Following the Central Bank of Nigeria’s (CBN) consistent hike in its Monetary Policy Rate (MPR), the banking sector’s maximum lending rate increased to 29.49% in April, up from 29.38 percent in March 2024, the highest point since 2020.
A financial expert, in an exclusive interview with Techeconomy’s correspondent, has identified key areas where the high bank lending rate will impact the economy, while also proposing corresponding solutions.
Segun Aremu, of Peculiar Innovative Consulting, observed that the escalating bank lending rate would affect key aspects of Nigeria’s economy in areas such as the real sector. It will also diminish bank risk assets, while exacerbating unemployment and contributing to inflation.
“The implications for the Nigerian economy can be seen in four ways; it will reduce real sector economic growth, meaning that fewer businesses and companies will seek funding from banks,” Aremu said.
He explained that banks serve as conduits for setting up or boosting organizations through loans and capital. High costs would discourage entities from seeking funds, leading to a downturn in real sector activities.
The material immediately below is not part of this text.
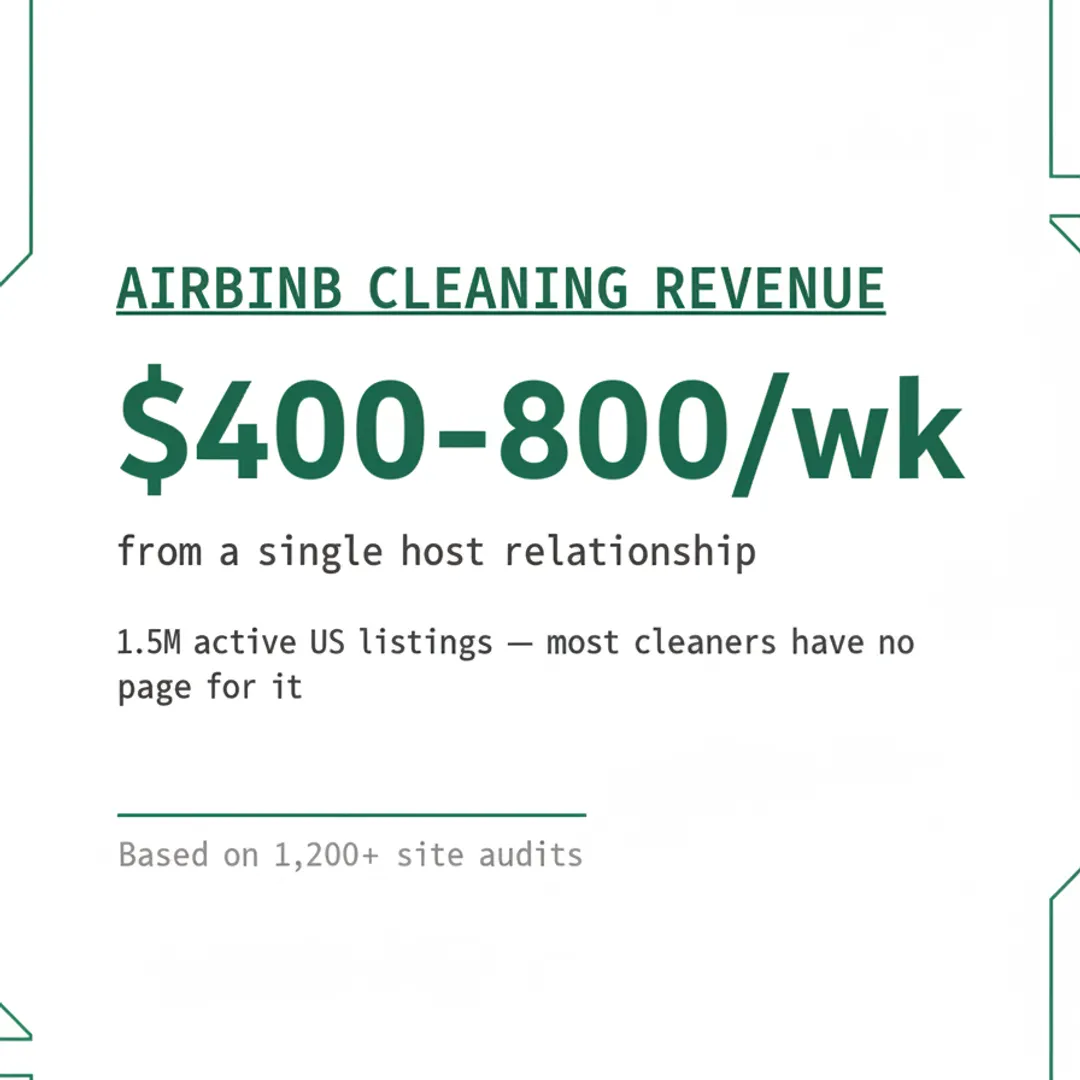 Airbnb Cleaning: The Service Page That Prints Money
Aremu further elaborated, “The banking rate is the rate at which banks lend to their customers. As this rate increases, the cost of funds for borrowers also rises. The function of the bank is essentially financial intermediation, channeling funds from the surplus side of the economy to the deficit side.”
The deficit side refers to those who need money for business operations, such as purchasing machinery or increasing capital. The surplus side comprises individuals with excess funds who wish to save.
“When the average maximum lending rate was 29.38 percent, credit to the real sector declined, resulting in weakened business activities,” Aremu recalled.
The maximum lending rate is the rate at which commercial banks lend to customers with lower credit ratings. Data from the apex bank’s money market indicator showed that the average maximum lending rate began in January 2024 at 27.07 percent when the MPR was 18.75 percent, and fell to 26.55 percent in February 2024 after the CBN’s monetary policy committee raised the MPR to 22.75 percent.
In March and April 2024, the banking sector’s average maximum lending rate stood at 29.38 percent and 29.49 percent, respectively, amid an MPR of 24.75 percent.
Aremu noted that the high banking lending rate would reduce Nigeria’s Bank Risk Asset, meaning fewer people would take out loans and advances.
“Analysts have predicted a further increase in the maximum lending rate due to the hike to 26.25 percent by the Monetary Policy Committee (MPC) of the CBN at the May 2024 meeting,” he added.
The average maximum lending rate closed at 26.62 percent in 2023, following the CBN’s increase in MPR to 18.75 percent. The unexpected rise in MPR, attributed by the CBN to efforts to curb inflation and alleviate pressure on foreign exchange, has influenced the banking sector’s lending rates.
Despite the challenges posed to the Nigerian business community, the International Monetary Fund (IMF) has commended the MPC’s decision to tighten monetary policy further by increasing the policy rate to 26.25%.
Aremu also mentioned that the high rate tends to fuel inflation, as some companies will pass on the increased costs of funds to consumers.
“If the cost of funding is too high, companies will look to cut internal costs, which may include reducing employment,” he said.
However, Aremu expressed optimism that the government could still implement several initiatives and incentives, such as tax reductions and rebates for organizations.
He suggested that the government could also empower other sectors of the economy, such as power and agriculture, which would have a ripple effect on the economy.